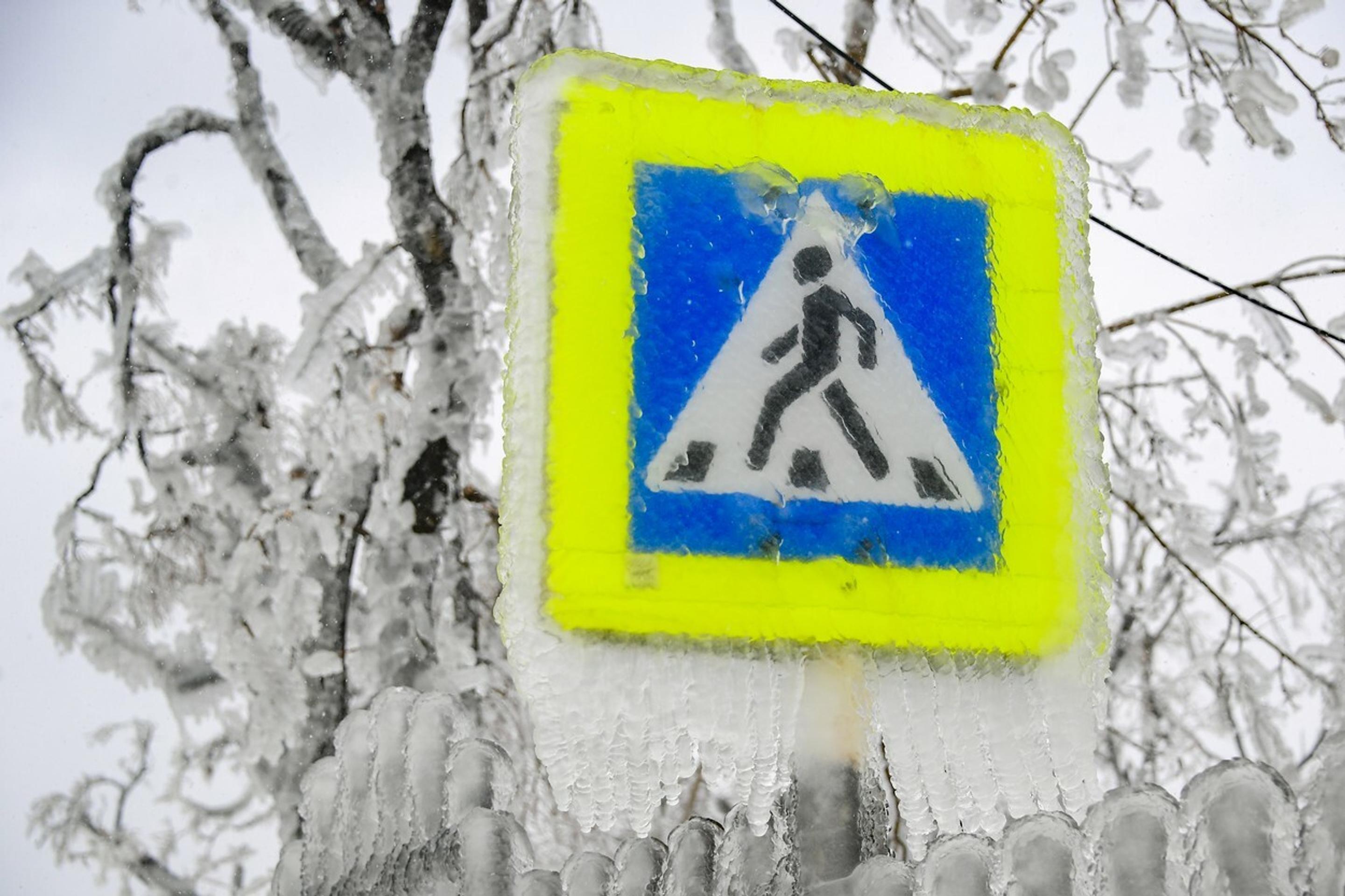 Zamrznuté rúško vo Vladivostoku po snehovej búrke a mrznúcom daždi.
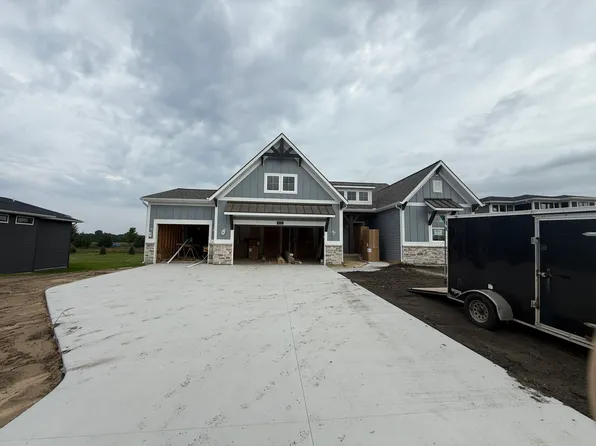 4733 Harkemas Creek Dr, Holland, MI 49424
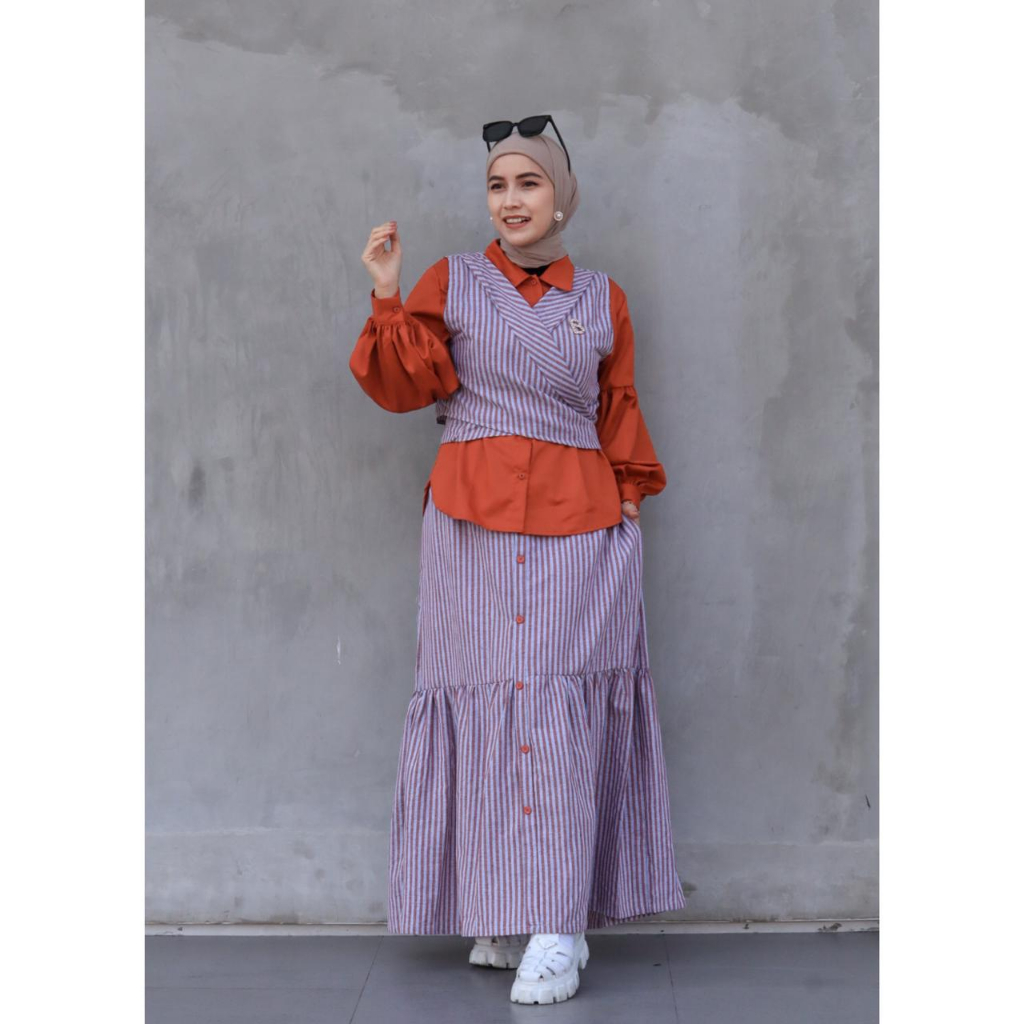 Mmaayra - Ayra Set - Oneset setelan inner rompi / vest rok wanita terbaru by mmaayra setelan kekinia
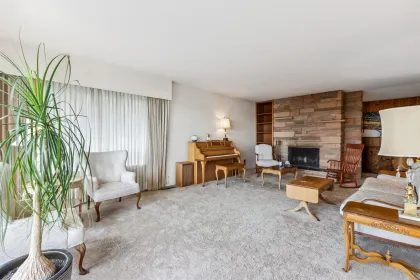 Primary Bedroom Photo of 2575 Queens Avenue, West Vancouver, BC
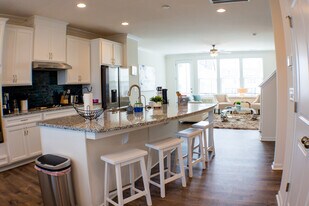 Sleeps 9 | Modern Upscale Ballantyne Gem in Charlotte, NC - Building Photo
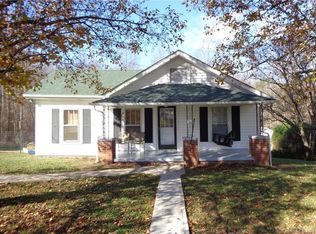 711 Vine Arden Rd, Morganton, NC 28655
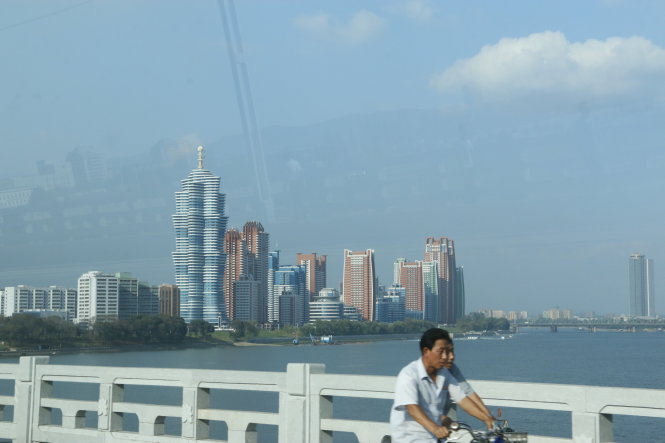Kiến trúc kiểu mới ở đại lộ Bình Xuyên Giang (nhìn từ cầu Chungsong bắc qua sông Đại Đồng) - Ảnh: THÁI LỘC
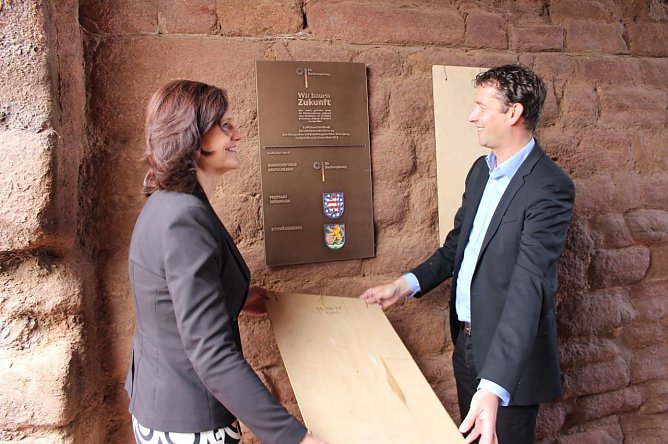 Schicker Eingangsbereich am Kyffhäuserdenkmal (Foto: Karl-Heinz Herrmann) Schicker Eingangsbereich am Kyffhäuserdenkmal (Foto: Karl-Heinz Herrmann)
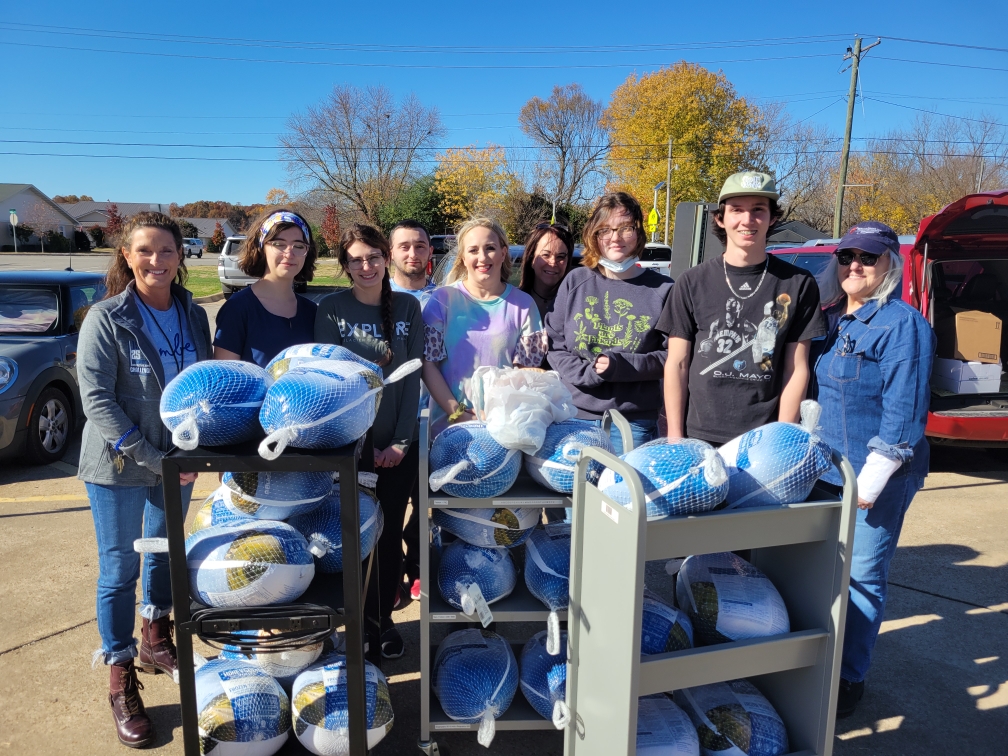 The "New Hope" student organization at ASUMH donated 25 Thanksgiving turkeys and sides to complete the holiday meal. These Thanksgiving food baskets were distributed to families who could benefit from receiving them.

==============================

**TASK ITEM**: Exactly as they appear, repeat the lines from the one containing "711 Vine Arden Rd, Morganton, NC 28655" through the last line of the entries, counting both ends. Pictures stay out.

**TASK ANSWER**:
 711 Vine Arden Rd, Morganton, NC 28655
Kiến trúc kiểu mới ở đại lộ Bình Xuyên Giang (nhìn từ cầu Chungsong bắc qua sông Đại Đồng) - Ảnh: THÁI LỘC
 Schicker Eingangsbereich am Kyffhäuserdenkmal (Foto: Karl-Heinz Herrmann) Schicker Eingangsbereich am Kyffhäuserdenkmal (Foto: Karl-Heinz Herrmann)
 The "New Hope" student organization at ASUMH donated 25 Thanksgiving turkeys and sides to complete the holiday meal. These Thanksgiving food baskets were distributed to families who could benefit from receiving them.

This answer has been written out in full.